Material provided below:
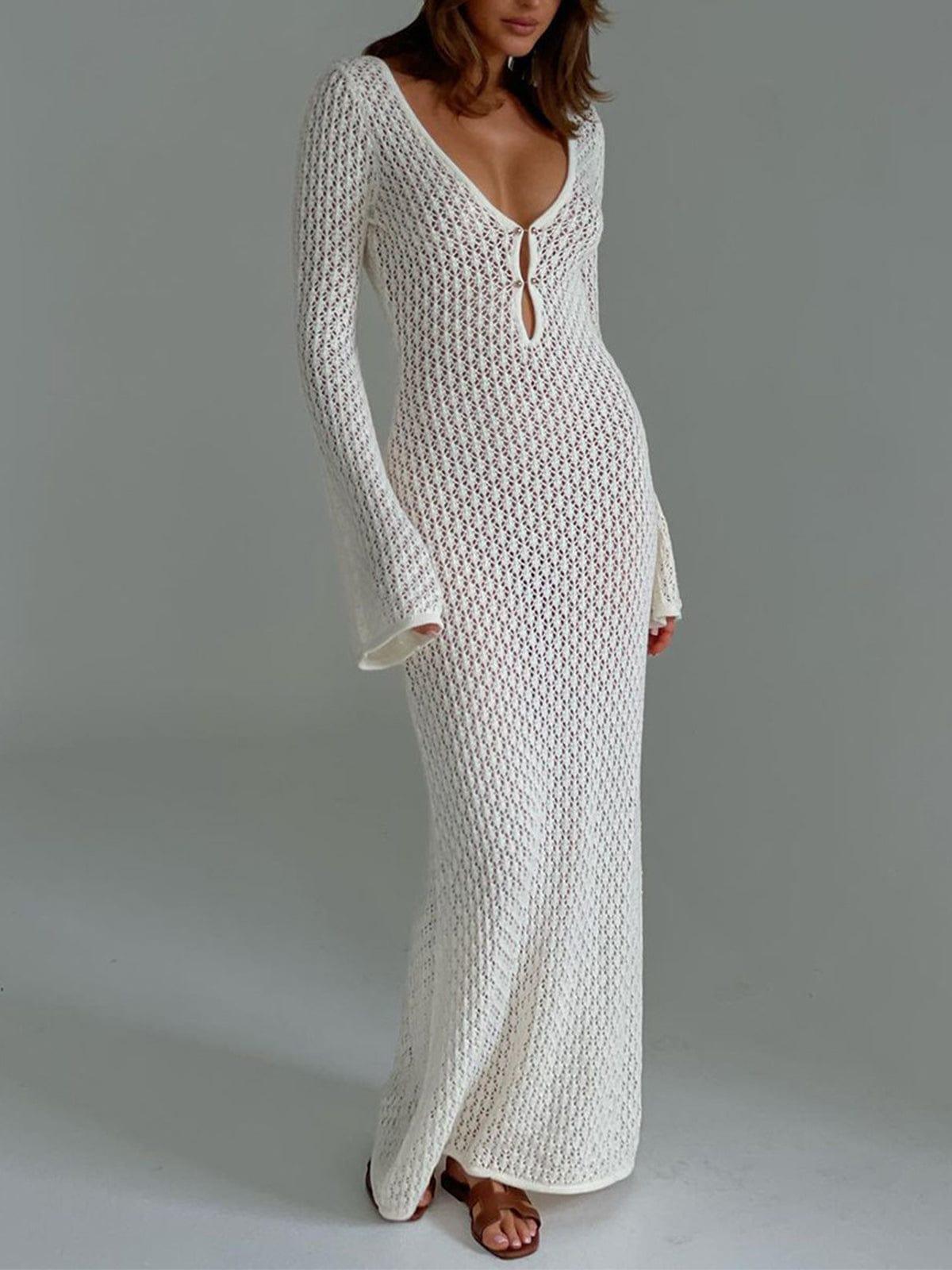 Women's Crochet Knit Maxi Dress with Bell Sleeves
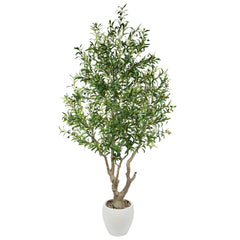 7.9 ft Artificial Olive Tree with White Planter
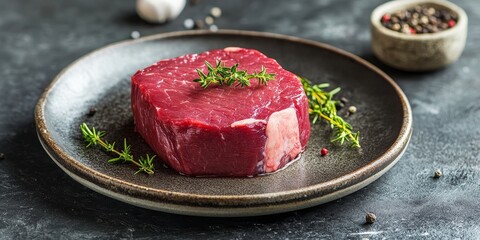 Fresh raw fillet steak beef meat arranged elegantly on a plate, highlighting the quality and tenderness of beef meat, perfect for culinary presentations or food related themes.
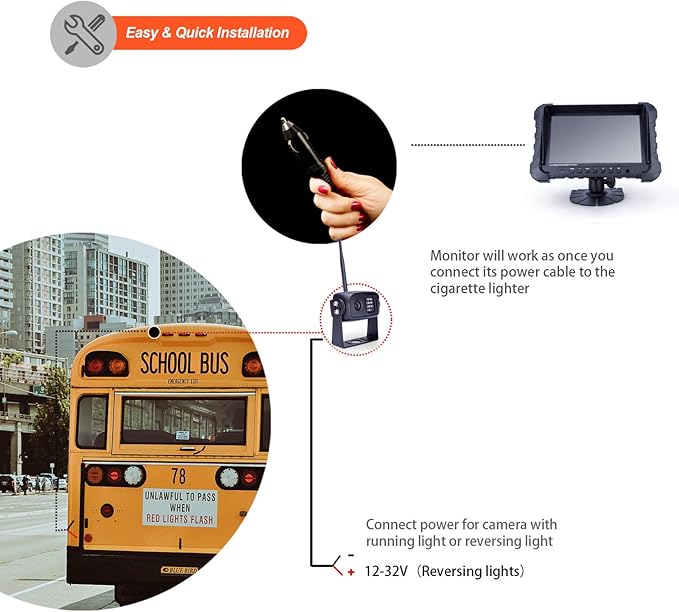 Digital Wireless Backup Camera System, 720P Reverse Camera Wireless with Infrared Night Vision and Wide Viewing Angles, 7 inch Wireless Monitor Split Screen for Trailer, RVs, Camper, 5th Wheel, etc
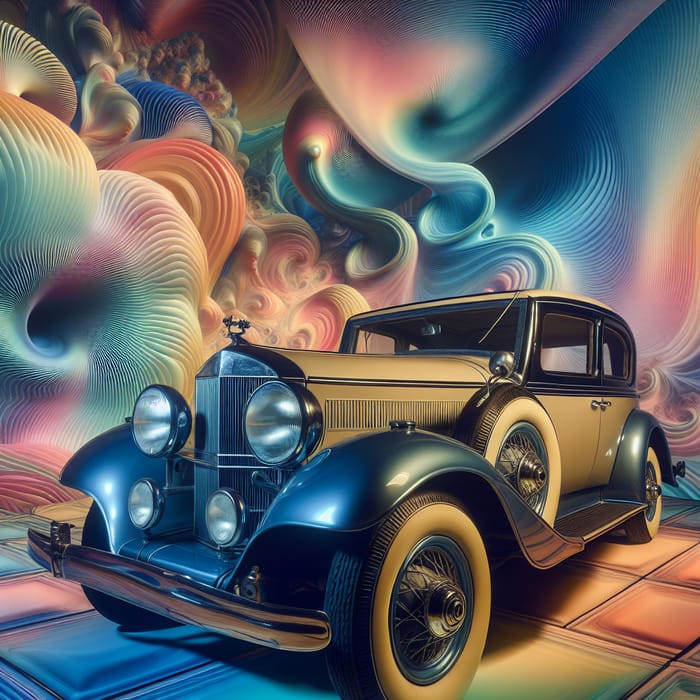 Vintage Car in Abstract Realm | Timeless Elegance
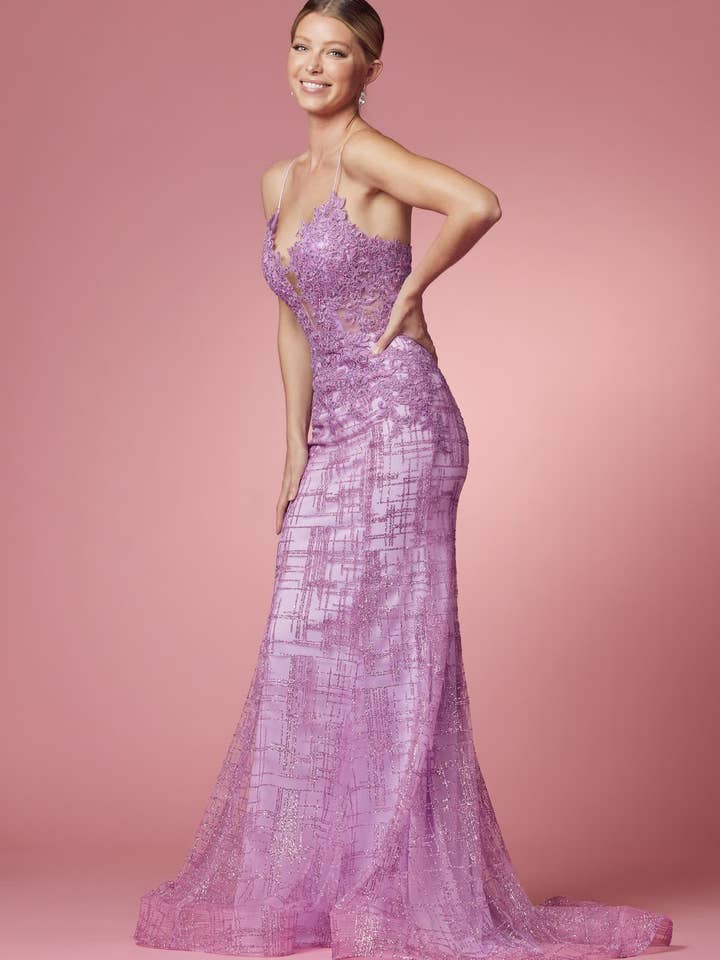 SMC Fashion - Wholesale Gown - Women's - Glitter Deep V-Neck Bodice Trumpet Long Prom Dress NXR282-112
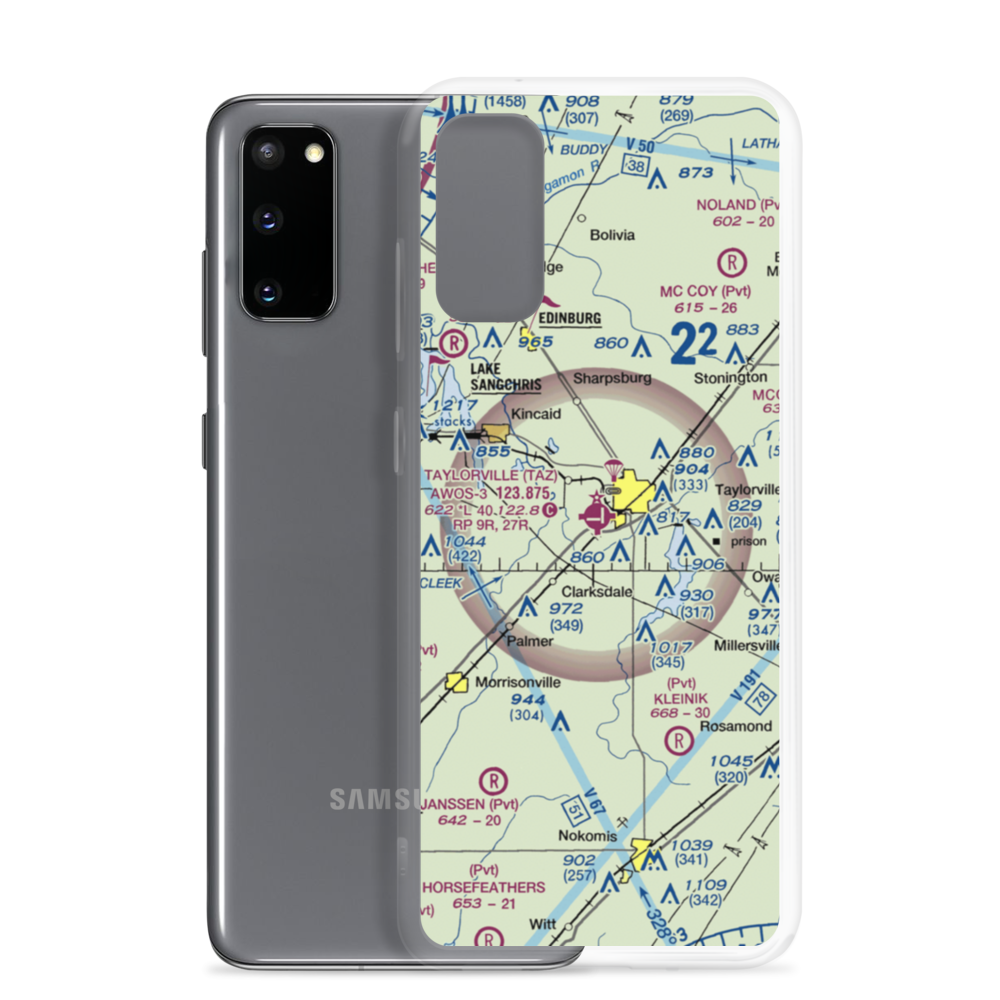 Taylorville Municipal Airport (TAZ) VFR Sectional Samsung Case Samsung Galaxy S20 model shown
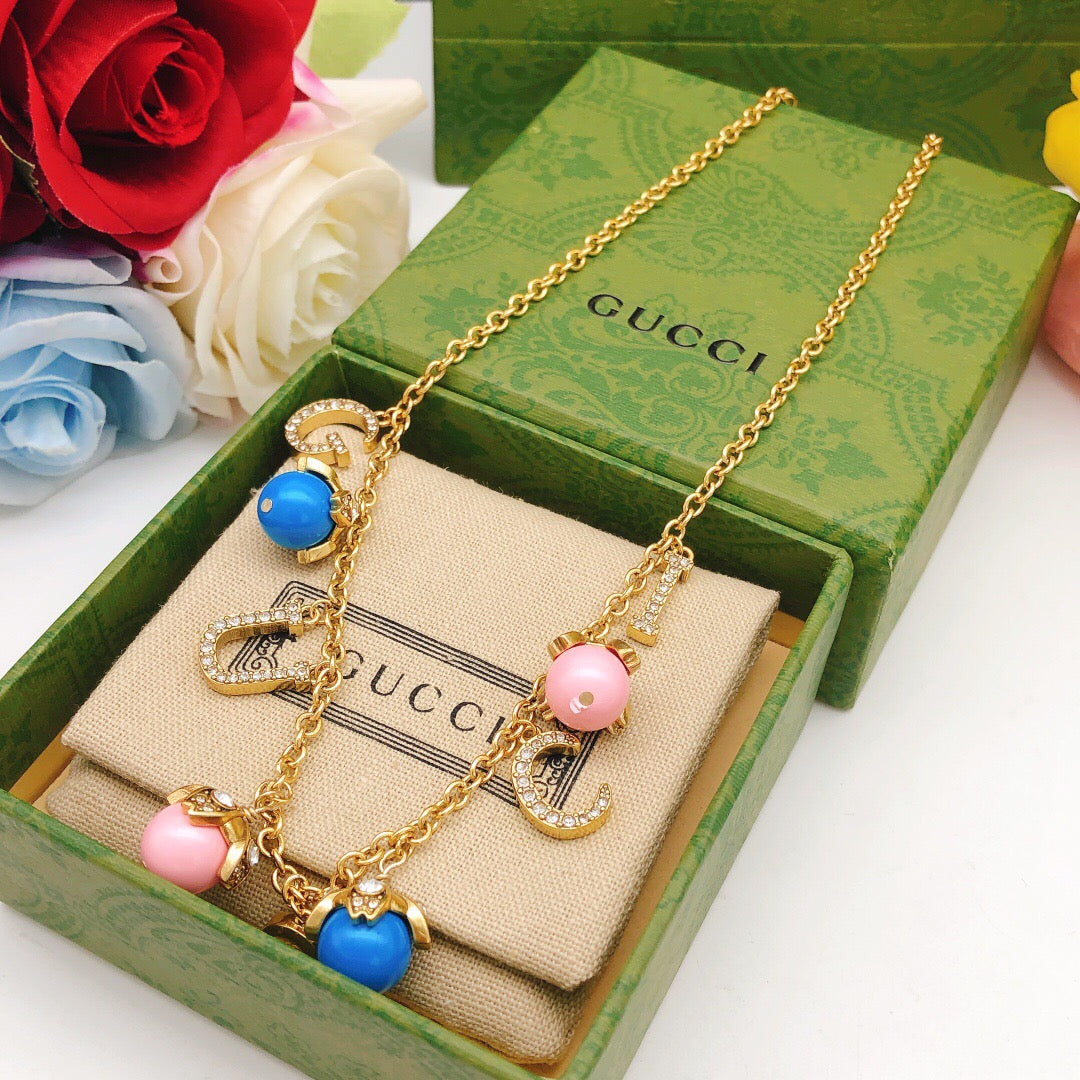 Gucci Pink Blue Flower Necklace - album image 5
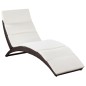 Klappbare Sonnenliege mit Auflage Poly Rattan Braun Klappbare Sonnenliege mit Auflage Poly Rattan Braun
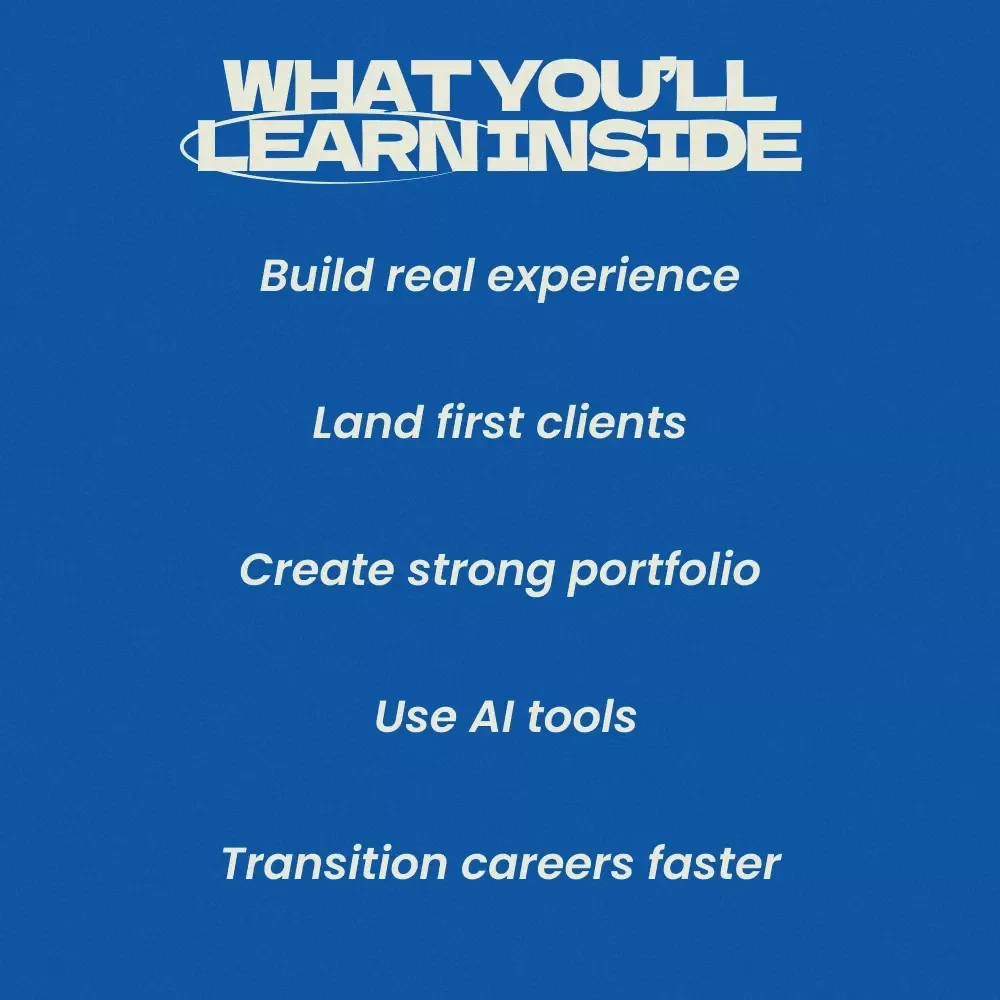 Freelance Your Way Into a New Career | Practical Guide on how to freelance to gain experience in a new career | Digital Career Change eBook & Freelancing Starter Guide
End of Material provided.
Return every entry above exactly as written, minus the pictures.

 Women's Crochet Knit Maxi Dress with Bell Sleeves
 7.9 ft Artificial Olive Tree with White Planter
 Fresh raw fillet steak beef meat arranged elegantly on a plate, highlighting the quality and tenderness of beef meat, perfect for culinary presentations or food related themes.
 Digital Wireless Backup Camera System, 720P Reverse Camera Wireless with Infrared Night Vision and Wide Viewing Angles, 7 inch Wireless Monitor Split Screen for Trailer, RVs, Camper, 5th Wheel, etc
 Vintage Car in Abstract Realm | Timeless Elegance
 SMC Fashion - Wholesale Gown - Women's - Glitter Deep V-Neck Bodice Trumpet Long Prom Dress NXR282-112
 Taylorville Municipal Airport (TAZ) VFR Sectional Samsung Case Samsung Galaxy S20 model shown
 Gucci Pink Blue Flower Necklace - album image 5
 Klappbare Sonnenliege mit Auflage Poly Rattan Braun Klappbare Sonnenliege mit Auflage Poly Rattan Braun
 Freelance Your Way Into a New Career | Practical Guide on how to freelance to gain experience in a new career | Digital Career Change eBook & Freelancing Starter Guide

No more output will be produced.